Second: Dek & Mavericks Green Energy — a company with a 900 MW EPC portfolio — announced its transition into the IPP (Independent Power Producer) segment, choosing to own solar plants rather than just build them.
These two moves are connected by the same underlying logic: the solar EPC business model of "build and hand over" is evolving into "build, store, own, and sell." EPCs who don't adapt will find their margins squeezed and their clients going elsewhere.
Why Battery Storage Is No Longer Optional for Rooftop EPCs
If you think BESS is only for utility-scale developers, consider what's happening on the ground. The Hormuz crisis has triggered a mass adoption of electric induction cooking — Amazon reported 30x sales increases in 48 hours. That means more grid load at peak hours. C&I clients are now asking for solar + storage not because they're environmental enthusiasts, but because they need backup power and peak shaving to survive rising electricity costs.
A solar-only C&I project might be worth ₹50-70 lakhs. Add a 100-200 kWh battery system and the project value increases to ₹80-110 lakhs — a 40-60% revenue jump on the same client relationship. Storage also creates recurring O&M revenue that pure solar installations rarely generate.
The IPP Path: Build It, Own It, Sell the Power
Dek & Mavericks' move from EPC to IPP reflects a growing realization: building solar plants for others is profitable, but owning them builds generational wealth. An IPP earns recurring revenue from 25-year PPAs, uses operating plants as collateral for debt financing to build more, and captures margins at both the construction and power-sale levels.

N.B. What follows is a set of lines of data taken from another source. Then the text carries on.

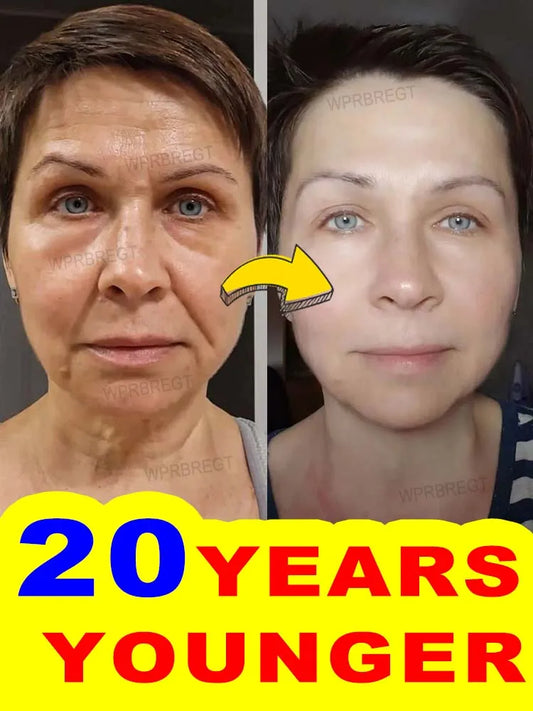 Anti-Aging Instant Wrinkle Smoothing Cream – Look 20 Years Younger | Fine Lines & Firming Face Treatment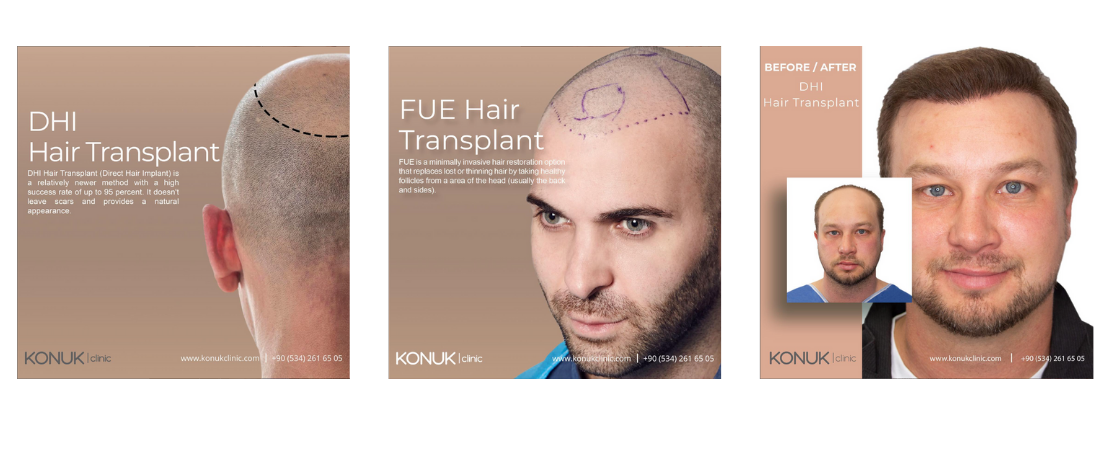 Hair transplant | Breast augmentation | Rhinoplasty| Abdominoplasty| Konuk Clinic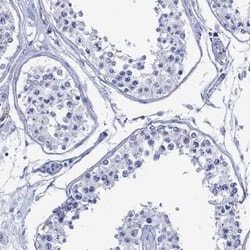 DPPIV/CD26 Rabbit anti-Human, Polyclonal, Novus Biologicals 100 &mu;g | Buy Online | Novus Biologicals | Fisher Scientific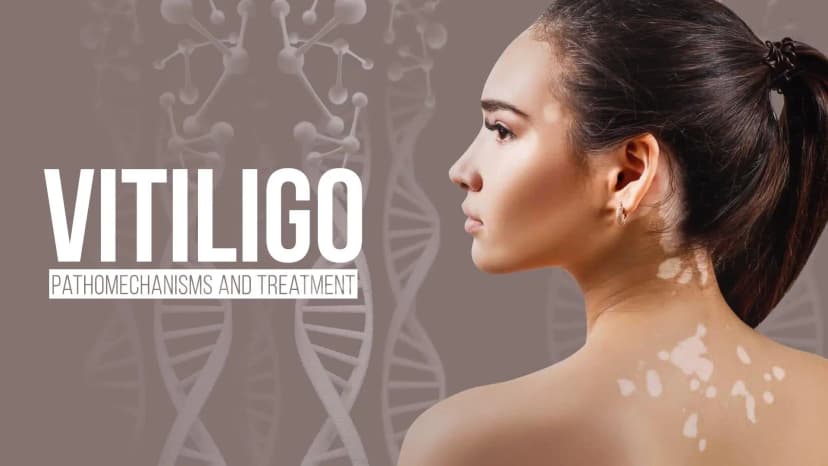 Vitiligo Pathomechanisms and Treatment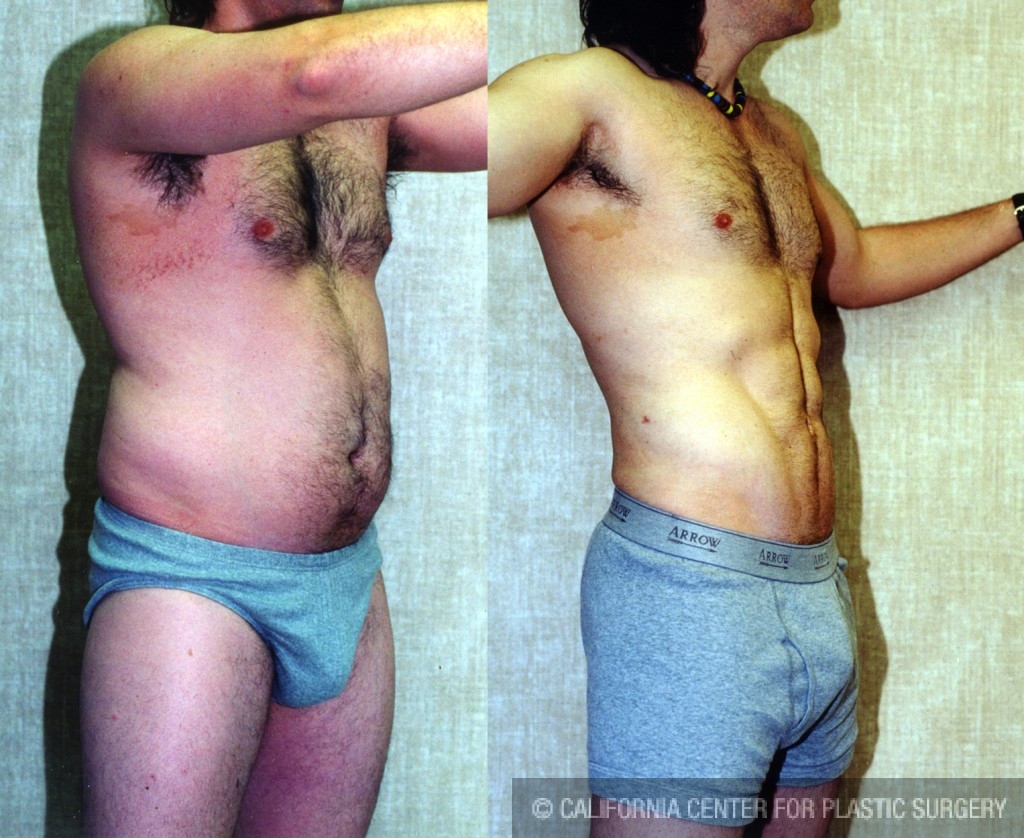 Male Liposuction Abdomen Before & After Patient #5609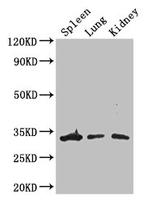 ALKBH4 Antibody in Western Blot (WB)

You don't need a 900 MW portfolio to start. The hybrid path works: continue your core EPC business, selectively retain ownership of 1-2 smaller projects (1-5 MW) per year, use EPC profits to fund the equity portion, and build a portfolio gradually. Companies like KPI Green and Avaada started exactly this way.

What Your EPC Should Do in 2026
If you're a small/mid EPC (under 50 MW/year): Start by learning to design and propose solar + storage systems. Partner with a BESS supplier (Envision, BYD, or domestic players like Okaya). Add storage as an upsell option to every C&I proposal. You don't need to be a storage expert — you need to be able to show clients the ROI.
If you're a larger EPC (50+ MW/year): Consider the hybrid EPC + IPP model. Retain ownership of 1-2 projects this year. Build the financial modeling capability to evaluate long-term asset economics (LCOE, IRR, DSCR). The assets you build today will be the backbone of your company's valuation in 5 years.
The solar EPCs who add storage in 2026 will be the market leaders of 2028. The ones who make the IPP leap will build companies that outlast any single project. The question isn't whether to evolve — it's how fast.